About the Cave
Uamh an Ard Achadh (High Pasture Cave) is a limestone cave situated 1.25km south east of the village of Torrin on the island of Skye. In May 2002, Steven Birch, during a routine visit to the cave, discovered disturbed archaeological deposits in an abandoned high-level fossil passage. The material had been cast aside as spoil by visiting cavers, who were attempting to excavate a boulder choke in order to gain new passage in the cave system. The archaeological material included a significant amount of animal bone, shellfish remains, charcoal, fire-cracked pebbles, coarse pebble tools and pottery sherds. During previous visits to the site, animal bone had been identified in the cave sealed beneath a layer of calcite.

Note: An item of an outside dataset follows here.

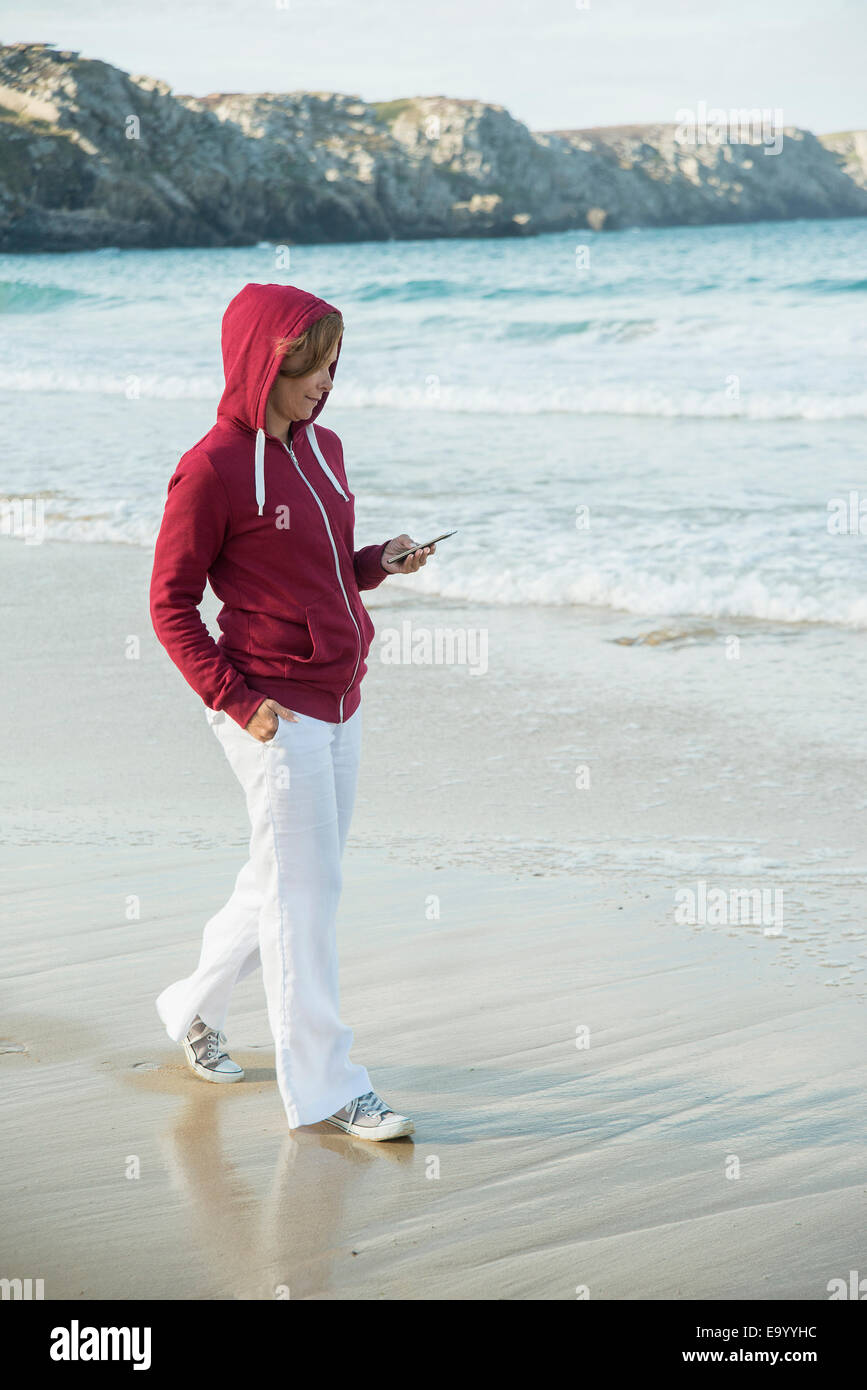 Young woman reading text message sur smartphone tout en flânant sur la plage, à Camaret-sur-mer, Bretagne, France Banque D'Images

Archaeological fieldwork at the cave site since the initial discovery has included a survey of the cave passages, the collection of material from the disturbed sediments and a detailed survey of surface features relating to the cave, including a geophysical survey. These include a complex of structures of possible prehistoric date, which may be contemporary with the deposits identified in the cave. Pottery sherds from the assemblage have been tentatively identified as from the Late Bronze Age/Iron Age period. Trial excavations have also been conducted in Bone Passage and this work will continue through 2005. Work is now underway to investigate the former entrance into Bone Passage, while additional trial trenches will be excavated to examine some of the other structures and geophysical targets that have been identified on the surface above the cave.
A preliminary assessment and analysis of the animal bones from the cave has identified pig, cattle and deer as the main species present, with those of pig (Sus scrofa) accounting for between 80 and 90% of the assemblage, an unusually high ratio for this species from Hebridean contexts.